> Task input
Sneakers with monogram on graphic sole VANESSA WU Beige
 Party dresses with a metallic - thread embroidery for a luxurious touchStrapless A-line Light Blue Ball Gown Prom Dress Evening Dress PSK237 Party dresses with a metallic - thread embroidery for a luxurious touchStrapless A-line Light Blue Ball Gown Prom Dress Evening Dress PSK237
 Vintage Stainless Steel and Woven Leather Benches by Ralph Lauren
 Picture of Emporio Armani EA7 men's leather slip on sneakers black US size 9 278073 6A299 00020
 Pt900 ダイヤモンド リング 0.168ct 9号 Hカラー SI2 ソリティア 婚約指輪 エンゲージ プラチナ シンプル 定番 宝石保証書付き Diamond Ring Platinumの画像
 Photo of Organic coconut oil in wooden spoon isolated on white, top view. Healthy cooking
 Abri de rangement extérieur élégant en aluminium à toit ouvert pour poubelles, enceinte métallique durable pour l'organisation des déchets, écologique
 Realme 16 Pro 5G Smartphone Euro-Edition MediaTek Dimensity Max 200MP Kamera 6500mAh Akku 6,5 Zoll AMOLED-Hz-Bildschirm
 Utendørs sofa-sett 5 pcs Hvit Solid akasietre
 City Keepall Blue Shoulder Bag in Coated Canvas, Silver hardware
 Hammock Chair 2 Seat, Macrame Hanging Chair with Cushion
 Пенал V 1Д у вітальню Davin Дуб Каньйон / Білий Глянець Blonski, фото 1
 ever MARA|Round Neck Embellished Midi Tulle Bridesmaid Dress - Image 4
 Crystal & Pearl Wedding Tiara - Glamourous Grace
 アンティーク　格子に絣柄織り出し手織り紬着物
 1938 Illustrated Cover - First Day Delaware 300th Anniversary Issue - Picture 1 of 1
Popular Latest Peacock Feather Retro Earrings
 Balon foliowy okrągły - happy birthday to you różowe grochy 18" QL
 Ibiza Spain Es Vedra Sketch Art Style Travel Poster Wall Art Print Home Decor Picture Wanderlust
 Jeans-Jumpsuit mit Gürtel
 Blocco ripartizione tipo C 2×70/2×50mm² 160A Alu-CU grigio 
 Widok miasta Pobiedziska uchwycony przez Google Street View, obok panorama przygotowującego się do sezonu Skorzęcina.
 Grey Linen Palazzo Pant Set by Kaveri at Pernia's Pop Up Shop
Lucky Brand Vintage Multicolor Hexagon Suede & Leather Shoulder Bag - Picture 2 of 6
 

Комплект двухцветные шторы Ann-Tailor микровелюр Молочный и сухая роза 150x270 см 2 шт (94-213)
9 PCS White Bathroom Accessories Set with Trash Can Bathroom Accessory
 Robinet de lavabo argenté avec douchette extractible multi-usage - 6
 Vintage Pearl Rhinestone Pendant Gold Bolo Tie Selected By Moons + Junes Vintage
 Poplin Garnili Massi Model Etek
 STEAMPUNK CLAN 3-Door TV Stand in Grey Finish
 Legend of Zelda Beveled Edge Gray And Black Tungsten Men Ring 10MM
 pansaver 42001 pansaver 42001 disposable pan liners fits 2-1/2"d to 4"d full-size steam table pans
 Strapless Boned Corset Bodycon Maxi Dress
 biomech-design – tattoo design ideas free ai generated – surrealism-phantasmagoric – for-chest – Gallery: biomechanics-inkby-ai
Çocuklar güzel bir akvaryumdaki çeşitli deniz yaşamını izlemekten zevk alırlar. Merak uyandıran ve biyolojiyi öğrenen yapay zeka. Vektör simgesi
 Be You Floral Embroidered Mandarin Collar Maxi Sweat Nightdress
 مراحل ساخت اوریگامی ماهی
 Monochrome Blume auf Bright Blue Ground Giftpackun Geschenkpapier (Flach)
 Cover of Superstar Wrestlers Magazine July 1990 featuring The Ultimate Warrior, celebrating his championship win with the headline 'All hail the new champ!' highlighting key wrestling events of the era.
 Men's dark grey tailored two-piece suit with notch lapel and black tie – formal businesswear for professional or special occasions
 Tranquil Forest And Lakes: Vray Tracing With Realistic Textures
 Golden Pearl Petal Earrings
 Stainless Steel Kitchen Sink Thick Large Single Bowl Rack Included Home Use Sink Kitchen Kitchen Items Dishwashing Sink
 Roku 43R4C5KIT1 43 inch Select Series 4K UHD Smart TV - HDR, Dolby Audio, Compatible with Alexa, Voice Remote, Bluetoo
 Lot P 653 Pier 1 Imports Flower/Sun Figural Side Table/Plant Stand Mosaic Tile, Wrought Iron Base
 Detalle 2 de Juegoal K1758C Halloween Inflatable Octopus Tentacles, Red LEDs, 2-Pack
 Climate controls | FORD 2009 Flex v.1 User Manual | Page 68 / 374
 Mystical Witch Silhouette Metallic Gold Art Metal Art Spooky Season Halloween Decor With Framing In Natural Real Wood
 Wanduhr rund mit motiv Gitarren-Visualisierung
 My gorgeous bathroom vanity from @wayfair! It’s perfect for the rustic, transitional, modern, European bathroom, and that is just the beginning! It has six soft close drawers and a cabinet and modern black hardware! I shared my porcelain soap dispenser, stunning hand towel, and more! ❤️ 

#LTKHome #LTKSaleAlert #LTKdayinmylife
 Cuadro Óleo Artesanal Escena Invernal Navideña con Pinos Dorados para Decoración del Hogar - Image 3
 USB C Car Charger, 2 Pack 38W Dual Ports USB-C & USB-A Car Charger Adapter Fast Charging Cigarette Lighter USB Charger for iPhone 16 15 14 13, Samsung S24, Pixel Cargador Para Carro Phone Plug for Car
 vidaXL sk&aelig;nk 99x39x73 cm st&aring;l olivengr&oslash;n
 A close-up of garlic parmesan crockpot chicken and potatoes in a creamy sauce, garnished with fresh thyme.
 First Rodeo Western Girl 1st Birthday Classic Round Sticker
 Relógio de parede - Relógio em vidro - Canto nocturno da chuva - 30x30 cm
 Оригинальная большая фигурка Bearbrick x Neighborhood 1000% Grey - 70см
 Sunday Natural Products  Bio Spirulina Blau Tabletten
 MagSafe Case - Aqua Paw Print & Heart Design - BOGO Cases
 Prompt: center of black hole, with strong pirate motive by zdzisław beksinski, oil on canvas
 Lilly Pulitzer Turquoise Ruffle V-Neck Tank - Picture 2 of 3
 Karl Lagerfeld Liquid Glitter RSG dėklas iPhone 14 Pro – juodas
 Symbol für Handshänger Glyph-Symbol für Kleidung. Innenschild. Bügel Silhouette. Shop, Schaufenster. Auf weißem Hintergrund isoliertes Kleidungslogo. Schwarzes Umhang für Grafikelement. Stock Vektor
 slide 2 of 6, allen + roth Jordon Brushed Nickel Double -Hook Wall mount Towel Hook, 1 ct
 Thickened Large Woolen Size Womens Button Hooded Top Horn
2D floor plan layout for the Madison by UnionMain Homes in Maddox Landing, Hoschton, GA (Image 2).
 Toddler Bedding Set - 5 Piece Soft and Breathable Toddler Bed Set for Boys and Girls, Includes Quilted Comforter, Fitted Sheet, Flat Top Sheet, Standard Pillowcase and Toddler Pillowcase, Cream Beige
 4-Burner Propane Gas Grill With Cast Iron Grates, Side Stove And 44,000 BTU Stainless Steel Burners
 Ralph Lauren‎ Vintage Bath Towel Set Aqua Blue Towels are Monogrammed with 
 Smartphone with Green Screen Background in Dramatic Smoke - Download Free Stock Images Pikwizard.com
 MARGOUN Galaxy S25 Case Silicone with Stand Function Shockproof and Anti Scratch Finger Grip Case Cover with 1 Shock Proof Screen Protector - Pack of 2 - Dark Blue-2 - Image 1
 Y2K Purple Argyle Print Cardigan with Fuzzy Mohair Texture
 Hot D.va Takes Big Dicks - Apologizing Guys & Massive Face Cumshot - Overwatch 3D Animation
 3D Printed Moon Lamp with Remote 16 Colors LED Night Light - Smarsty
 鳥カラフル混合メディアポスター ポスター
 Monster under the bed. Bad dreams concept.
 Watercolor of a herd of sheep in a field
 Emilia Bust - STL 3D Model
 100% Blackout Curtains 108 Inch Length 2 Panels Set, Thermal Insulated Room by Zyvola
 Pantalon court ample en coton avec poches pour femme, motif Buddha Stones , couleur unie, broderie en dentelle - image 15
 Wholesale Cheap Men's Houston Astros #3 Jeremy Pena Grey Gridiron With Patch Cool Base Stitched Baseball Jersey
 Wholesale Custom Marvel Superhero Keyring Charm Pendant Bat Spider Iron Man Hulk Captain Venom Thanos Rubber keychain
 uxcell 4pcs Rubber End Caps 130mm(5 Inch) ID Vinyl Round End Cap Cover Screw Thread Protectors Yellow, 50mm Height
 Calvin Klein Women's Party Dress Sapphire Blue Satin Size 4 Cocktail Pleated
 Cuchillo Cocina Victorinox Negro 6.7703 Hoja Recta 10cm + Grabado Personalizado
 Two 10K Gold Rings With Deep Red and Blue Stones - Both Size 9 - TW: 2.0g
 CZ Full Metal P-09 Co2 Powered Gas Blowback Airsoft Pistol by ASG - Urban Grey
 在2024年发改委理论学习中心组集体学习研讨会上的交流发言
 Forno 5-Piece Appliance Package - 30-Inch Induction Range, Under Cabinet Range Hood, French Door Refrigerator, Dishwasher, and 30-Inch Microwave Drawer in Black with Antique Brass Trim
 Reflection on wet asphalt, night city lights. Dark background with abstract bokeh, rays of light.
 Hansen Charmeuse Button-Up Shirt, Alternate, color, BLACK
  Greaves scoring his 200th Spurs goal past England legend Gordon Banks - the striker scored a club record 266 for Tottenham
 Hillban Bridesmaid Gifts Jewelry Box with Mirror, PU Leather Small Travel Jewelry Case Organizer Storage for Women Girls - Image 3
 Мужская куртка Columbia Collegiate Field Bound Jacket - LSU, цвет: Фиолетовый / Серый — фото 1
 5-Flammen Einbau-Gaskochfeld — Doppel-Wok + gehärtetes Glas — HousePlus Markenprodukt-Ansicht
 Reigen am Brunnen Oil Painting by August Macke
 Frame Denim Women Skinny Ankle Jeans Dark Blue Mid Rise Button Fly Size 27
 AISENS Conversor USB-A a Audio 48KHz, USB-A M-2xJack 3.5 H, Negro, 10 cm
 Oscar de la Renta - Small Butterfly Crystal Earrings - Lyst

> Task to complete
The answer must consist of every line above that contains the word "First".

> Result for this task
 1938 Illustrated Cover - First Day Delaware 300th Anniversary Issue - Picture 1 of 1
 First Rodeo Western Girl 1st Birthday Classic Round Sticker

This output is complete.